Entre 01-01-2013 e 31-12-2017, a ARRISCA beneficiou de apoios financeiros atribuídos por diversos departamentos e serviços dependentes do Governo Regional, titulados por um conjunto muito diversificado de instrumentos, na sua maioria de natureza contratual, enquadrados em três áreas de intervenção.
Os apoios financeiros públicos contratualizados ascenderam a 6 264,9 milhares de euros, destacando-se os atribuídos no domínio da ação social, com cerca de 60% do total.
Em execução dos instrumentos contratuais celebrados, foram realizadas transferências para a ARRISCA no montante global de 6 187 481,28 euros , correspondendo a um grau de execução de 98,76%.
Com base nos elementos documentais recolhidos, conclui-se que, no período abrangido pela auditoria, foram afetados anualmente à ARRISCA recursos públicos no montante de cerca de 1,237 milhares de euros, distribuídos essencialmente por duas áreas de intervenção: ação social e saúde.

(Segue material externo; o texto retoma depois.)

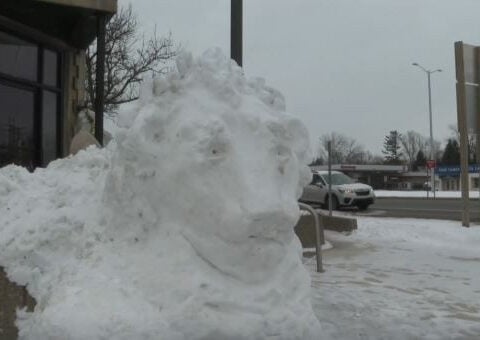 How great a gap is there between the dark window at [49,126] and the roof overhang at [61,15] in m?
1.22

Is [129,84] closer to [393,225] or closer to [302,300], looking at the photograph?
[393,225]

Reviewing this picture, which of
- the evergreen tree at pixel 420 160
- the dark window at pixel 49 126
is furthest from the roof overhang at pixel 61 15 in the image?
the evergreen tree at pixel 420 160

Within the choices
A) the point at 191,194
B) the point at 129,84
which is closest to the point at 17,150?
the point at 191,194

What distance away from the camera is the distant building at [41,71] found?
11.1 metres

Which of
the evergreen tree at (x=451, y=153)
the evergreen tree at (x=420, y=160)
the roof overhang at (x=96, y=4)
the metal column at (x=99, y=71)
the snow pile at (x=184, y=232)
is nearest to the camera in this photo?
the snow pile at (x=184, y=232)

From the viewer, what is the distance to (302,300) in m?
4.04

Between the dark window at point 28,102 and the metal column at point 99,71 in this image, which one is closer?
the dark window at point 28,102

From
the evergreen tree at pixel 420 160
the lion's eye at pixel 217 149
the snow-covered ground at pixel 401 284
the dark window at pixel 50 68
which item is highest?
the evergreen tree at pixel 420 160

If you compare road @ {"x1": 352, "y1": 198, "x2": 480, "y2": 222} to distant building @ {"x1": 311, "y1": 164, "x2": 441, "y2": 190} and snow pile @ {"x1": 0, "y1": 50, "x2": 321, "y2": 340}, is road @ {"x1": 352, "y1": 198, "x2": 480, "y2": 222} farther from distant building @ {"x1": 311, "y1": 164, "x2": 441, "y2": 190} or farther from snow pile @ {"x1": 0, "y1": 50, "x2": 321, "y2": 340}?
distant building @ {"x1": 311, "y1": 164, "x2": 441, "y2": 190}

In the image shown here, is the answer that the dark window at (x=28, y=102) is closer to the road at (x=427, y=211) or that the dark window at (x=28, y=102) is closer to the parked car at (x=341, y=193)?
the road at (x=427, y=211)

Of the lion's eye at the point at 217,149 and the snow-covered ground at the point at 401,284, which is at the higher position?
the lion's eye at the point at 217,149

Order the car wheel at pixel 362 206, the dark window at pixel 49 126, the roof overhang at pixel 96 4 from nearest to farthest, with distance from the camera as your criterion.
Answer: the roof overhang at pixel 96 4, the dark window at pixel 49 126, the car wheel at pixel 362 206

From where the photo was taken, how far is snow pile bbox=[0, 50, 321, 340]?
11.7 feet

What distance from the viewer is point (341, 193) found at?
75.0 feet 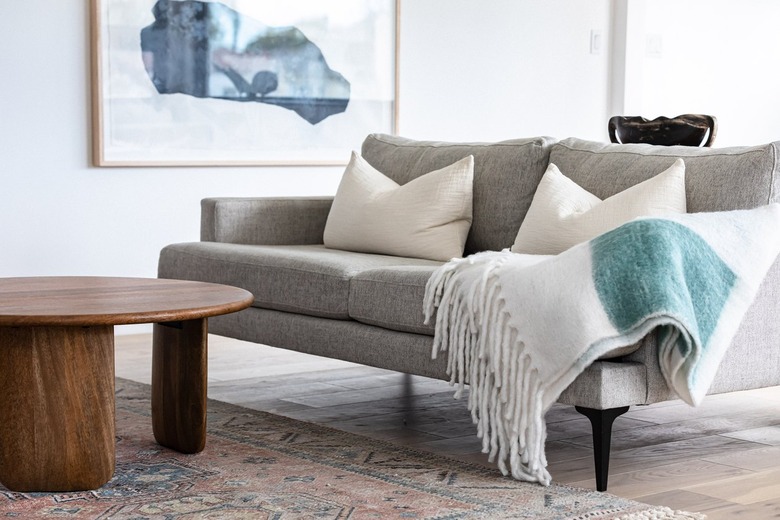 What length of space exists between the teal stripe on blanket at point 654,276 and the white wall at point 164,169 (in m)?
2.75

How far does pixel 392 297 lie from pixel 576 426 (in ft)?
2.31

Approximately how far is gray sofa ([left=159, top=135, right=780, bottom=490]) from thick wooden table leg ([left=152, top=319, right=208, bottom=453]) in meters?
0.47

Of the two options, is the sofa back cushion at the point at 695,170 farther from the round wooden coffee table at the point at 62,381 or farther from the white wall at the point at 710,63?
the white wall at the point at 710,63

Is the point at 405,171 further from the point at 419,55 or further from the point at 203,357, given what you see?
the point at 419,55

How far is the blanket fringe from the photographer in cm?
248

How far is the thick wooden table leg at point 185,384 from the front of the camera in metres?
2.71

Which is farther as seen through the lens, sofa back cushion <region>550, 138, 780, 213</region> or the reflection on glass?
the reflection on glass

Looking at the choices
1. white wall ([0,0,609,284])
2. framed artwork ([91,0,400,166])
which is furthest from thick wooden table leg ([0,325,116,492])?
framed artwork ([91,0,400,166])

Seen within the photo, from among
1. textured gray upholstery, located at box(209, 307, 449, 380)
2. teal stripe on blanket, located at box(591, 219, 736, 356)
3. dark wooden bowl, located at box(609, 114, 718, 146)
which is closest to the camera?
teal stripe on blanket, located at box(591, 219, 736, 356)

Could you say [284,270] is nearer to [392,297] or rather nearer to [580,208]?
[392,297]

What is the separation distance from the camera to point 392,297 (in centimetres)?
289

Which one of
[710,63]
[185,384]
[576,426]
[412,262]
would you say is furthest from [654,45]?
[185,384]

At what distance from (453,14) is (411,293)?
3039 millimetres

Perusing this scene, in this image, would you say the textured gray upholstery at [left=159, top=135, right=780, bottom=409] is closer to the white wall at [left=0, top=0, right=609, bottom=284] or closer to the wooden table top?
the wooden table top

Secretaria da Solidariedade não
 auditava as contas da Arrisca

De acordo com informação prestada pela então Secretaria Regional da Solidariedade Social, os acordos de cooperação de funcionamento destinaram-se a comparticipar despesas com pessoal e funcionamento, no âmbito das ações desenvolvidas pela ARRISCA – correspondendo as despesas de pessoal a 505,4 mil euros (71% do total) e as despesas de funcionamento a 206,2 mil euros.
A partir de 2014, com a transição dos acordos de cooperação de funcionamento para os contratos de cooperação - valor cliente, deixou de ser possível fazer esta desagregação, uma vez que o financiamento passou a assentar nos serviços prestados e não nas despesas realizadas.
Em conformidade com o respetivo regime legal, os contratos de cooperação celebrados previam a realização de ações de fiscalização e de auditorias aos serviços e equipamentos de apoio social da ARRISCA, pela então Secretaria Regional da Solidariedade Social.
Solicitou-se à referida entidade a remessa dos relatórios de auditorias técnicas e financeiras ou de acompanhamento operacional, realizados no âmbito da execução dos acordos de cooperação de funcionamento/contratos de cooperação - valor cliente , tendo a mesma informado que «Não foram realizadas auditorias técnicas e financeiras à ARRISCA» e esclarecido que «O acompanhamento operacional é efetuado com base no sistema de informação e apoio à decisão social (SIADS)» .
O registo no SIADS é uma das obrigações da ARRISCA prevista nos contratos celebrados, obrigando-se esta «a proceder ao registo dos clientes efetivos no SIADS na última semana de cada mês».
Consultado o SIADS, com o propósito de aferir o número de utentes efetivos em cada valência, concluiu-se que o sistema não permite obter com precisão este dado.
Ao tentar visualizar o histórico dos utentes, e tendo em conta que o mesmo contrato teve, em alguns anos, finalidades distintas, o SIADS reporta sempre a informação do número de utentes à finalidade que o contrato visa financiar no momento da consulta.

Gastos com pessoal

Os gastos oscilaram entre os 1,5 e 1,3 milhões de euros, sendo, ao longo de todo o período analisado, superiores aos rendimentos, originando resultados operacionais negativos.
Destacam-se os gastos de pessoal, que representam, em 2013, cerca de 66% do total, e, em 2017, cerca de 77% do total.
Seguem-se os fornecimentos e serviços externos, que incluem o pagamento a trabalhadores independentes, cujo peso oscilou entre 19%, em 2016, e 22%, em 2015.
De acordo com as informações prestadas pela ARRISCA, os apoios financeiros recebidos foram maioritariamente aplicados em despesas com pessoal, atingindo 5,1 milhões de euros (82,6%).
Os gastos de funcionamento foram financiados em 267,4 mil euros (4,3%) e os de investimento em 10,2 mil euros (0,2%).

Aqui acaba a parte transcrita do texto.